## Exercise brief:
Go through the lines below and copy any that hold the string "Nissan".

## Records to use:

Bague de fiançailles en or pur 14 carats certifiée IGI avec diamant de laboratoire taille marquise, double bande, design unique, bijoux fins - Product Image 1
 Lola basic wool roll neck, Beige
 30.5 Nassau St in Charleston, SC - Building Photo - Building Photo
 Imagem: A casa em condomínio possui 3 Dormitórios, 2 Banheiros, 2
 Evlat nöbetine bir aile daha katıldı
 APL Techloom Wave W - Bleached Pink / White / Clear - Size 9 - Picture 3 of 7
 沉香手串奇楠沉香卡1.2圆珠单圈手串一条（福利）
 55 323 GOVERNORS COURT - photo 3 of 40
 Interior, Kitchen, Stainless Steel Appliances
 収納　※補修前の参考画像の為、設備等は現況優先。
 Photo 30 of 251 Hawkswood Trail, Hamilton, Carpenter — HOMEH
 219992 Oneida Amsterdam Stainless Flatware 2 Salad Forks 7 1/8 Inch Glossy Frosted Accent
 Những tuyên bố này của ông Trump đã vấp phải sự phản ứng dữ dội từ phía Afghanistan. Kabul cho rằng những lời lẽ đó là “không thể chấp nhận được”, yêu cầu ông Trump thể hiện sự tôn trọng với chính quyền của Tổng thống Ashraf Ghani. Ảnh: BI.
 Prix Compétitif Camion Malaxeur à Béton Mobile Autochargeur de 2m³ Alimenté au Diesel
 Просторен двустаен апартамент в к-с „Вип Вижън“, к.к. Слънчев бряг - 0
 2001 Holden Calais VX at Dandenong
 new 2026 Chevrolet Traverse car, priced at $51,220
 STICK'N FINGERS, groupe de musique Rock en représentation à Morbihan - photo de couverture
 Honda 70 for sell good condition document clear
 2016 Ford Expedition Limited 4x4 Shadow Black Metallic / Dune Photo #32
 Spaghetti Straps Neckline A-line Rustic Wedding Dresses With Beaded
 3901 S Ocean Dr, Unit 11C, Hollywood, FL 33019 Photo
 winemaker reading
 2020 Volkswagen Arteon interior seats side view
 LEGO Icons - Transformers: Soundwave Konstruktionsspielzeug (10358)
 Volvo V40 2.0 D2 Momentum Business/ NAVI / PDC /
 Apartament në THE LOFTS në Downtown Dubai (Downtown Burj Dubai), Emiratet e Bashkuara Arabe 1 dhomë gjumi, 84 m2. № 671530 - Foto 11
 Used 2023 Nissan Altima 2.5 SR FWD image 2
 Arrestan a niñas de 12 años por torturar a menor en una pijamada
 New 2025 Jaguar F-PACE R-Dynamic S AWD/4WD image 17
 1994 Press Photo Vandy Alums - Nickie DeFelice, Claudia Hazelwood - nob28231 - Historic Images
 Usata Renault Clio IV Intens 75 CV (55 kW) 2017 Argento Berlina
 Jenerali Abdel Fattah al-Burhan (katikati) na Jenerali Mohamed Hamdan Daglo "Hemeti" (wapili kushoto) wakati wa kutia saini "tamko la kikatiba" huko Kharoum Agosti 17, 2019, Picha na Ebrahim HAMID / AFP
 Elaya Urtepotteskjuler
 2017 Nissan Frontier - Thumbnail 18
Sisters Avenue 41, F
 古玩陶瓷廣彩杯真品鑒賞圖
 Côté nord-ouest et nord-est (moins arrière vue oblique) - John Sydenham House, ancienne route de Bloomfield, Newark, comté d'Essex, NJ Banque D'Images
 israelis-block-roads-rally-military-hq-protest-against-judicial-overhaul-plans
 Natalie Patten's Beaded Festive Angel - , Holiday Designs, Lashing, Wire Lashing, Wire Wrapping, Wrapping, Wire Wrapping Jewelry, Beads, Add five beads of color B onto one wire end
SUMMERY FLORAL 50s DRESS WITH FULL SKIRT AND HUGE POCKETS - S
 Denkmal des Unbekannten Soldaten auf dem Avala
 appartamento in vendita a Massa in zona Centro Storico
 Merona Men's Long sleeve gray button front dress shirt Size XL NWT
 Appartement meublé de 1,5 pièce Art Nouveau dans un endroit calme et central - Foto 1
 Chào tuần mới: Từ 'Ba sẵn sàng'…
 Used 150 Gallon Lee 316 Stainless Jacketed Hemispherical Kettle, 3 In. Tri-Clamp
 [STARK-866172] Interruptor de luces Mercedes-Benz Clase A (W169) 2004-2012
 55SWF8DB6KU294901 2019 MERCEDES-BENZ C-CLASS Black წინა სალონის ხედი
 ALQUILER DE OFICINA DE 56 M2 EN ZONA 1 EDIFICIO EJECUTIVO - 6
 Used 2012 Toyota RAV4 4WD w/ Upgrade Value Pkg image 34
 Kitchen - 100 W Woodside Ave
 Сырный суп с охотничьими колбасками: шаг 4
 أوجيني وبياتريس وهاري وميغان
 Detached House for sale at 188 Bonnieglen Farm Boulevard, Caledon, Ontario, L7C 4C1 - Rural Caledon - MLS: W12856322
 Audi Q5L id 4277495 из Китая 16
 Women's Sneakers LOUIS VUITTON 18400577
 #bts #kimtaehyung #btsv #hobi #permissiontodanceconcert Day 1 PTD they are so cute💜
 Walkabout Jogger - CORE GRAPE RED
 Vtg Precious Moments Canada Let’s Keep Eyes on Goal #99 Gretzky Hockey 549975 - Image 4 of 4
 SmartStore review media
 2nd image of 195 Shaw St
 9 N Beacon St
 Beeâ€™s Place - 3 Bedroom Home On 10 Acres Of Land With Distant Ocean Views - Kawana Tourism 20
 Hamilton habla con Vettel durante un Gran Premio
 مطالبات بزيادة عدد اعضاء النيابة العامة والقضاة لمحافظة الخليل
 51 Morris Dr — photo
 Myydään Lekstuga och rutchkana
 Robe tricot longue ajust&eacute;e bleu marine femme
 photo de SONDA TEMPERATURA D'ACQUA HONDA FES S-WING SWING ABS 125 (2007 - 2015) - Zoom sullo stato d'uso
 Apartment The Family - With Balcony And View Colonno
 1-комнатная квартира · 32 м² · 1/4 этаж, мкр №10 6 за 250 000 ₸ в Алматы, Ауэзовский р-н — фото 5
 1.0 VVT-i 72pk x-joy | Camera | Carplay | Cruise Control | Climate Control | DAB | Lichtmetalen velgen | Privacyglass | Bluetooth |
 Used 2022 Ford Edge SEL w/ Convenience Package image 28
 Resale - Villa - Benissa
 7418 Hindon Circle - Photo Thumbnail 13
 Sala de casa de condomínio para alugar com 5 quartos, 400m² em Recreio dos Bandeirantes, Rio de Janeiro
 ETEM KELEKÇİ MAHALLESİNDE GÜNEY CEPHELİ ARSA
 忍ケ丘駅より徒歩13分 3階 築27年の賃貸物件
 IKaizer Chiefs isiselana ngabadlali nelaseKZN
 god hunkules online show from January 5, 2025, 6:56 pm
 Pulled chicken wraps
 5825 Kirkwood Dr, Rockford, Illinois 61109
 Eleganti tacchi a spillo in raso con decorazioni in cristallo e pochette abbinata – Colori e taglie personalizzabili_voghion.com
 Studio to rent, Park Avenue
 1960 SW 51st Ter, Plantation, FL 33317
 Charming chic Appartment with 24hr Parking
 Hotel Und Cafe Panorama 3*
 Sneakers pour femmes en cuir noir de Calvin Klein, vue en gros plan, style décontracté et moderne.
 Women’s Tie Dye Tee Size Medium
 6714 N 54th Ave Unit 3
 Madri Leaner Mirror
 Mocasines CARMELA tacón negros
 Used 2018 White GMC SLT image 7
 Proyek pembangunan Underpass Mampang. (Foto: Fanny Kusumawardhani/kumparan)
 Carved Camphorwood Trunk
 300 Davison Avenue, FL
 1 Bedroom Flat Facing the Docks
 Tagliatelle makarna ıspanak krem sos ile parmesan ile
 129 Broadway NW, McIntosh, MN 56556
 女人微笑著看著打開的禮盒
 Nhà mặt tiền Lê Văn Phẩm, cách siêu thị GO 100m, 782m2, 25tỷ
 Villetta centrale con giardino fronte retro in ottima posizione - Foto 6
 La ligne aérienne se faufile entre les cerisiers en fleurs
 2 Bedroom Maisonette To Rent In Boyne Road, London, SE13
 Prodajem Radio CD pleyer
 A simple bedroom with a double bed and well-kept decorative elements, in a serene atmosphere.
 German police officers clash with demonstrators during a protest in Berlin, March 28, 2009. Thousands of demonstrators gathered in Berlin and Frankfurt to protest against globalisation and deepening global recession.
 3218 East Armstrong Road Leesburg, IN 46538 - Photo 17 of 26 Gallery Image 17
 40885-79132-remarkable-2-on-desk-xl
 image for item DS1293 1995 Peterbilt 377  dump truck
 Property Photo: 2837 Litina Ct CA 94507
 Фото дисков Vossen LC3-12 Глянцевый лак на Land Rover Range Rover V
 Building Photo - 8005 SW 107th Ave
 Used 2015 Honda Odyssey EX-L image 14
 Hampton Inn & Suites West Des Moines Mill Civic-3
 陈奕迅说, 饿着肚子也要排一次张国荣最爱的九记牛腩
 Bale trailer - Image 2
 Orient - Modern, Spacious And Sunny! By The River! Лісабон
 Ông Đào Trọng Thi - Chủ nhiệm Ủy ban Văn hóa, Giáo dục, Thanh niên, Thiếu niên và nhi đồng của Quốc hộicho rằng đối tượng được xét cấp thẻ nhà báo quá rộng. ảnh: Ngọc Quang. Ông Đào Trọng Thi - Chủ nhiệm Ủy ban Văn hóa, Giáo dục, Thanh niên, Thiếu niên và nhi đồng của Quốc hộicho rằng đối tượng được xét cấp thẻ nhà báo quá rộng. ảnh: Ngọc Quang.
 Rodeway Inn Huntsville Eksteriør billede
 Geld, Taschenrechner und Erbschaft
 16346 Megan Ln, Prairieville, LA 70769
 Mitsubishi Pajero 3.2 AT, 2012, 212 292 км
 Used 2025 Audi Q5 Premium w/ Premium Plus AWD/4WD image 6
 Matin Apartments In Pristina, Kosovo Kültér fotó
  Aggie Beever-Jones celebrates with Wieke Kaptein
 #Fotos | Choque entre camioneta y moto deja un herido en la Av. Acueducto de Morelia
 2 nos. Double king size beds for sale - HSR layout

## Solution below:
 Used 2023 Nissan Altima 2.5 SR FWD image 2
 2017 Nissan Frontier - Thumbnail 18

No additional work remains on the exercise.